Three years ago, one of my friends and I were pitching around ideas for films that we could make as easy, cheap, commercial horrors. We came up with an idea that was pretty good, we thought, and decided it would just be a good story, bad script, and throw a porn star in it to sell it and move on.

Funny thing happened, the story got to be actually GOOD* (*again, whenever I use the term GOOD, it's something WE think is good). He was working in Rome for a bit, and coincidentally, much of the script ended up having some roots in the orthodoxy split of the catholic church - so I thought I'd go soak up some Original Catholicism to bring it to the script. Then the story got deeper.

Then we hired a writer to write the script based on our treatment. He had great ideas, but they were HIS ideas, and not the ideas we had paid him to write. The draft of the script he turned in, we dumped. Story sat for another year.

We brought in another writer to work on it. He was really excited after reading the character profiles and the treatment, and is a pretty prolific and fast writer. Months went by, with nothing. Until we finally pinned him down, and he said he was intimidated by trying to make it all work in one script. OK, that was writer #2.

So, the hell with it. I've written a script. They're hard. They suck. More importantly, my first script sucked. My second one was actually a lot better, but a 20 page short and not a feature like the first one. I read "Story" by Robert McKee as a yearly ritual. I'll take a tackle at it - in all the free time I have.


Funny thing though when you steep in a story for 3 years. It gets under your skin. And this has. The last 2 weeks have been a joy of rediscovery of characters, of huge, gigantic, gaping holes in the story, of characters shallower than Paris Hilton - but an underlying, rock solid story, that really is pretty damn cool. Thankfully, our treatment also had somewhere around 120 scenes - way too many. Cut, cut, cut, combine, combine, change, expand, contract - go back to the characters, the story, create the legends based in character and not simply circumstance and the reactions to circumstance. This is an attempt at creating an entirely new legend.... and at least in my head... it is working.

When it's done, my partners may hate it. It may have too much backstory, but the backstory IS so rich, and key to making the whole thing work on so many levels - and as of right now, I've remapped and created new scenes and functions and stuff that takes us solidly to the mid Act II climax, and will have the end of Act II mapped out by Friday.
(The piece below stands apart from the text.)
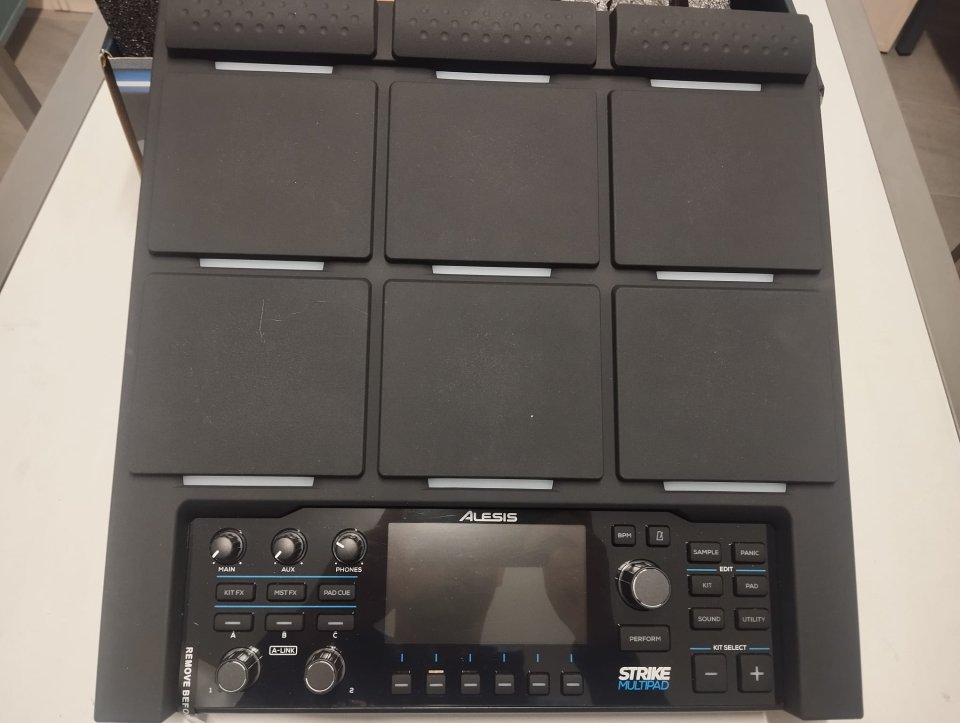Multipad Alesis NUEVO de segunda mano · Foto 4 de 5 · Zaragoza · 550 €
There are 3x5 cards taped all over my wall. For a guy who's as digital as I usually am, I'm finding it much easier to sketch and notate and move stuff around and get big pictures of it all in a very analog way. A legal pad, notecards, sharpies, tape, and highlighters. I'm enjoying every minute of it.

Saturday, June 11, 2005

And So It Ends, and Begins

Well, through 2 1/2 months of due diligence, and revelation upon revelation of bad stuff and a company worth nothing, but costing a whole pile of money to buy, my company officially withdrew it's offer to acquire the company we were interested in on Friday.

Immediately following that, I had to withdraw my consulting contract with them as well. (Though I tried to withdraw it before due diligence began, they gave me a rider that allowed both, and apparently they needed my services, since now they're a bit panicked.)

It's been an educational, and massively frustrating experience. Just when you think you're finally getting the whole story, something new pops up. Just when you think the deal can't possibly get any more costly, or packed full of more bullshit... it somehow miraculously DOES.

It boggles my mind that people think they can get away with some of the things they try to get away with. Do people think anymore?